5. The method of any of the preceding claims, wherein the sensor is attached to or comprised in reachable distance to a seated driver and/or passenger of the vehicle, preferably one or more of a steering wheel, a dashboard, an armrest, a seat, a seat belt, or a door of the vehicle.

6. The method of any of the preceding claims, further comprising receiving a second input representing a melody.

7. The method of any of the preceding claims, further comprising applying a noise or disturbance filter to the input.

8. The method of any of the preceding claims, further comprising storing the input in a storage device.

9. The method of any of the preceding claims, wherein determining an audio file comprises searching an audio file associated with the pattern and/or the or a melody in a database.

10. The method of claim 9, wherein determining an audio file further comprises classifying the found audio files associated with the pattern, based on an association of the audio files with the pattern, the or a melody, metadata related to the audio files, and/or usage statistics.
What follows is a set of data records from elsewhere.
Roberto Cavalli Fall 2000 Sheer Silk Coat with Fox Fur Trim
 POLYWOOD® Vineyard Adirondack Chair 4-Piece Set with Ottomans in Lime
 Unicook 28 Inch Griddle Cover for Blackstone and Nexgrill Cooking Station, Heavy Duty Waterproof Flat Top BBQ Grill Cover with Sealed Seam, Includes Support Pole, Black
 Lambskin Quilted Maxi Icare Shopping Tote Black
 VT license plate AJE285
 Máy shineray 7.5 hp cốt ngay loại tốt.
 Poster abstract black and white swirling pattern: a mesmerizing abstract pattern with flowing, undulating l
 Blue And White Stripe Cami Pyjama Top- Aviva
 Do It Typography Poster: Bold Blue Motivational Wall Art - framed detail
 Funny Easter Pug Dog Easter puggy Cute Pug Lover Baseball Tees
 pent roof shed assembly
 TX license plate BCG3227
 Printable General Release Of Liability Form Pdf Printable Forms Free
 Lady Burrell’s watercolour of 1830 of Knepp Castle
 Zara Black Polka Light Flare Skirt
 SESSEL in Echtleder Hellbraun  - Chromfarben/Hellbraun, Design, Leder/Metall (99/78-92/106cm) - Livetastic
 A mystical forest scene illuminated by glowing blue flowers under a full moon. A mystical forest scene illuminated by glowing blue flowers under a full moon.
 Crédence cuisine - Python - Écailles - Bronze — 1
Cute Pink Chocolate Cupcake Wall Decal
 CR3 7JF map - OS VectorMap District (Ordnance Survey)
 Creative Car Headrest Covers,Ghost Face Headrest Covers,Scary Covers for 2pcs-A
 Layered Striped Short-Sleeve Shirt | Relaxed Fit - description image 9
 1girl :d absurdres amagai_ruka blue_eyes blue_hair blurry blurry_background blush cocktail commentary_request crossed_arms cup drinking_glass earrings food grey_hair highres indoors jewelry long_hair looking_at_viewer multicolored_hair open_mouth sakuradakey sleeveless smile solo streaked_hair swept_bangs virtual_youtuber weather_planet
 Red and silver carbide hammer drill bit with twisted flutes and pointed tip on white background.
11. The method of any of the preceding claims, wherein determining an audio file comprises composing an audio file associated with the pattern.

12. The method of claim 10 or 11, wherein classifying the found audio file and/or composing an audio file is further based on a program selected by a user, and/or one or more sensor inputs generated by sensors comprised in or attached to the or a vehicle.

13. The method of any of the preceding claims, wherein the audio file is further associated with the melody.

14. The method of any of the preceding claims, wherein the step of determining an audio file is executed by a network-accessible server.

15. The method of any of the preceding claims, further comprising storing the audio file in a memory, wherein the memory is comprised in the audio device and/or a network-accessible server.

16. The method of any of the preceding claims, further comprising receiving a control input comprising a second pattern, searching an instruction stored in a control database, wherein the instruction is associated with the second pattern, and executing the instruction in response to finding the instruction.

17. A system for controlling an audio device, the system comprising means for performing the method of one or more of the preceding claims.